Mesmo longe do sistema carcerário
Apesar de absolvido, Vinicius ainda sofre sequelas da condenação injusta. Após um período trabalhando como analista de pricing numa empresa, ele resolveu pedir a contas e começar a trabalhar como motorista de aplicativo junto com a esposa Carolina Garcia.
Vinicius conta que, quando tentou se cadastrar na plataforma da 99, em outubro do ano passado, a empresa negou o registro mencionando “antecedentes criminais”. Vinicius recorreu e pediu a revisão. “Mesmo mandando a certidão de antecedentes criminais que mostrava que eu não devia nada, eles negaram de novo”, disse.
A Ponte teve acesso às mensagens em que a 99 afirma que “o cadastro não foi concluído por registros de antecedentes criminais em seu nome ou CPF”. Depois, ao recorrer, Vinicius recebeu a mensagem de que o cadastro não foi aceito. “Infelizmente você não cumpriu os requisitos para ser um motorista 99”, diz o texto.

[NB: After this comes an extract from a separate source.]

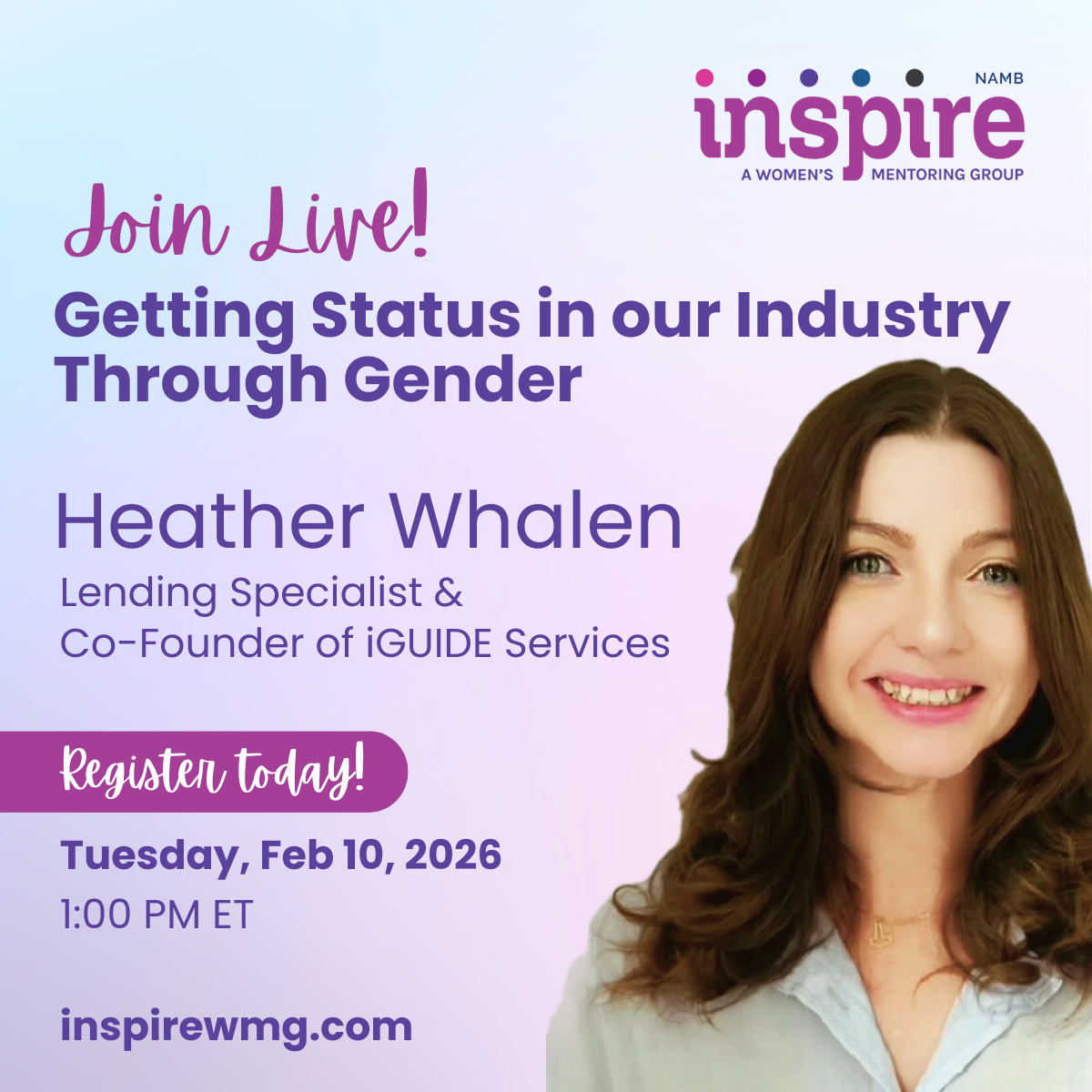 Join Live! “Getting Status in our Industry Through Gender” with Heather Whalen, Feb. 10, 2026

Neste mês, ele entrou com uma ação judicial contra a 99 em que pede que ele seja cadastrado e também uma indenização de R$ 10 mil pelos danos morais sofridos, já que se sentiu discriminado e não teve o mesmo problema em outras plataformas de transporte por aplicativo. Este processo está em andamento e ainda não teve uma decisão.
O que diz o governo de São Paulo
A Ponte contatou a Procuradoria Geral do Estado (PGE), que representa o governo paulista no processo, sobre a condenação. Por nota, a assessoria informou que ainda não foi notificada sobre a sentença.
O que diz a 99
A reportagem também buscou a empresa sobre o cadastro de Vinícius na plataforma e o processo que ele move, mas não teve retorno até a publicação. O espaço segue aberto.